Mr Allister: This place has a public perception problem. Given my view of this place, it would be tempting for me to sit back and do nothing.

Mr Catney: I do not want to cut across you, but it is only in the past month that I have taken my seat and been able to ask the questions, and I feel that public perception as well.

Mr Allister: When the public look at the figures and see that special advisers were costing twice what they cost in Scotland and Wales, they come to an uncharitable conclusion about this place. That, in turn, creates an obligation: if we can do something about it, we must do something about it. That is why I am motivated to say, "There are too many special advisers in that office, so let us reduce them". That, I think, is the public expectation.

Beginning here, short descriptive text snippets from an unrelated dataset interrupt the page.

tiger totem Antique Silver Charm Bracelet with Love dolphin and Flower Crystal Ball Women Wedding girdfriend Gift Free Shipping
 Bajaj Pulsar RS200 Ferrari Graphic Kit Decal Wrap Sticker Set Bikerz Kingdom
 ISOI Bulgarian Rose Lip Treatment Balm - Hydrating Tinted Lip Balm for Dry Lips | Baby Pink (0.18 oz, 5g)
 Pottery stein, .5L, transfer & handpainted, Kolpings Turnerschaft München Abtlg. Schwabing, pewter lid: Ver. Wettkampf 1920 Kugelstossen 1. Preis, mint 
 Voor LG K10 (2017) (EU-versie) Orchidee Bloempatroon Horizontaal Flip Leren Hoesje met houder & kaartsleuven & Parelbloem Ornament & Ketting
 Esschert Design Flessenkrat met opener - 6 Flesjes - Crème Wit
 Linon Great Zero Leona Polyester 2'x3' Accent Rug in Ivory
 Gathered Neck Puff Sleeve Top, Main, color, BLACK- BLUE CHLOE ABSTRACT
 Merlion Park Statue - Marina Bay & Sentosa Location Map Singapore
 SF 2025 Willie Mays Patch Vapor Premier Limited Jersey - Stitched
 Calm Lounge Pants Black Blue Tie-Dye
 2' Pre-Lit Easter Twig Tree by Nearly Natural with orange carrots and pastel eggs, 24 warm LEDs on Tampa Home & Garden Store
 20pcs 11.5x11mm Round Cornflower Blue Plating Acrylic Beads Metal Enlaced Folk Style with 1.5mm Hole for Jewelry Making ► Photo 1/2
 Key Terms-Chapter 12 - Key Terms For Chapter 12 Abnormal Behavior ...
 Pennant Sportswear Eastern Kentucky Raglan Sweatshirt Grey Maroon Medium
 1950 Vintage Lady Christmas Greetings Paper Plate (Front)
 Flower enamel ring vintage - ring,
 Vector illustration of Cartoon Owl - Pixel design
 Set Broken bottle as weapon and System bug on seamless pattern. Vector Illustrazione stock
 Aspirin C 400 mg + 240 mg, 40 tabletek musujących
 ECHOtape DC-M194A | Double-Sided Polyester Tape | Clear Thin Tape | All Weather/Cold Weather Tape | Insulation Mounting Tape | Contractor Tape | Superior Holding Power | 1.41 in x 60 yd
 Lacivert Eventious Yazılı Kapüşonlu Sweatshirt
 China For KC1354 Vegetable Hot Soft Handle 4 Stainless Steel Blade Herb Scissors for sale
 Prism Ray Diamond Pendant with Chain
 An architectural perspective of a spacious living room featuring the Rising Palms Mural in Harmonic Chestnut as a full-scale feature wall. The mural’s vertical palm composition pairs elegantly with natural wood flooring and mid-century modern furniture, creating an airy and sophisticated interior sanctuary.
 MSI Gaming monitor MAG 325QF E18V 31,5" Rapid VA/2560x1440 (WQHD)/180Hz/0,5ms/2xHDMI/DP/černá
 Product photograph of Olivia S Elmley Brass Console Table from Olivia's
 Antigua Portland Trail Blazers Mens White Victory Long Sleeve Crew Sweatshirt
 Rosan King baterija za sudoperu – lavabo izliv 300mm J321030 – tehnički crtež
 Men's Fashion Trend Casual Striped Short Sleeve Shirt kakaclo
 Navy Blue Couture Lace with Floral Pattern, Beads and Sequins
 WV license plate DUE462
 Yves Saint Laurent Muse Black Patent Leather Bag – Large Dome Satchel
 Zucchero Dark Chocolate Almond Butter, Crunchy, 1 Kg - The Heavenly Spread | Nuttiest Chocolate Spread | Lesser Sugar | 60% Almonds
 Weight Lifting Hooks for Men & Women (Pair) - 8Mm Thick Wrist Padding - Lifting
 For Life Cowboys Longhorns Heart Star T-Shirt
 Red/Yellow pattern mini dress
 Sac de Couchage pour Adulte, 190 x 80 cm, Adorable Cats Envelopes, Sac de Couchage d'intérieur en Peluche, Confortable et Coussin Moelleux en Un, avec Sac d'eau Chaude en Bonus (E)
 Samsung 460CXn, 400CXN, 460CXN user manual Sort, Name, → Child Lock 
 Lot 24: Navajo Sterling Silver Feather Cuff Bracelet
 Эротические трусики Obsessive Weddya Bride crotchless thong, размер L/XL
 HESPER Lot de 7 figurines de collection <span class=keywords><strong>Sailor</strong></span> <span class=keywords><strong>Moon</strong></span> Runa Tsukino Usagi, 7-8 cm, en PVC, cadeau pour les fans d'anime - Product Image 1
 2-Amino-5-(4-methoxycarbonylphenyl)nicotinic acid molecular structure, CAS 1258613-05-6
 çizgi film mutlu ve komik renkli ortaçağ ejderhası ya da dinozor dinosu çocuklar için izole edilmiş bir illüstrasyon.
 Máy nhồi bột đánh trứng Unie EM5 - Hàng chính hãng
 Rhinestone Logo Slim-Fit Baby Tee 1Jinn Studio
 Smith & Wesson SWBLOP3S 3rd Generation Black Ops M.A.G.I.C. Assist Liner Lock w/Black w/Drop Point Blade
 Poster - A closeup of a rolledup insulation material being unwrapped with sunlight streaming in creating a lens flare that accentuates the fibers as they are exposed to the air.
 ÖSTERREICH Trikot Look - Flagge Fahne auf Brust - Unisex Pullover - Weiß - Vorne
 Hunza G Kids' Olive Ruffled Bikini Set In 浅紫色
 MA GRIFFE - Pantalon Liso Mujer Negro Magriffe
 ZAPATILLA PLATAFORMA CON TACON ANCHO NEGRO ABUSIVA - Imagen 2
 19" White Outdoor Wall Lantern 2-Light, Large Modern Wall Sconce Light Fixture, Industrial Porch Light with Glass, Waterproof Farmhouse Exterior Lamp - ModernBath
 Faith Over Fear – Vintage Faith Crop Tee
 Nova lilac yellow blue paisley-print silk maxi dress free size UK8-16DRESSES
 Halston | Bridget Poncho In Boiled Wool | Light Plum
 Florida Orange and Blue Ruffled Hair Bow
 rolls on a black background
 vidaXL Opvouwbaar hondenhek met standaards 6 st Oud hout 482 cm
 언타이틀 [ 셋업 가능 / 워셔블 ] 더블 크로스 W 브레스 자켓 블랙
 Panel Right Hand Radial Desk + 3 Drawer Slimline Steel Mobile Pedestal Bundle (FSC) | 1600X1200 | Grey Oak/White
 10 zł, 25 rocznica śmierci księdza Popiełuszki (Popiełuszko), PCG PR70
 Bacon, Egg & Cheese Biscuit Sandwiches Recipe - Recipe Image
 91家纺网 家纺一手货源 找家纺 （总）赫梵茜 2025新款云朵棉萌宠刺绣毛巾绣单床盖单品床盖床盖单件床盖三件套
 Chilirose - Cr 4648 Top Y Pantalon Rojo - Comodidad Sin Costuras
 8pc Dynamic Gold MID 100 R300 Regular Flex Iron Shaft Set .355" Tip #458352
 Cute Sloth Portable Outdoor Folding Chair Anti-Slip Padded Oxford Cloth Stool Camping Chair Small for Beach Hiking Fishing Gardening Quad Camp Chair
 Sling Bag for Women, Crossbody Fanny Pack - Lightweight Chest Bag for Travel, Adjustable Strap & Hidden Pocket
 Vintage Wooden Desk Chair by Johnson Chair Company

Special advisers have not had a good press through RHI, and there will not be too many people out on the streets protesting if we reduce their number. However, that is not the test: the test is whether it is right. It is not defensible to have the same number of special advisers in the Office of First Minister and deputy First Minister as there are in the whole of the Welsh Government.

Mr Catney: You have my support on that one. I have to agree with you on that.

The Chairperson (Dr Aiken): I have a quick question on special advisers. Jim, when looking at the issue of special advisers, did you consider averaging the amount of money per special adviser per elected representative across the regional parliaments?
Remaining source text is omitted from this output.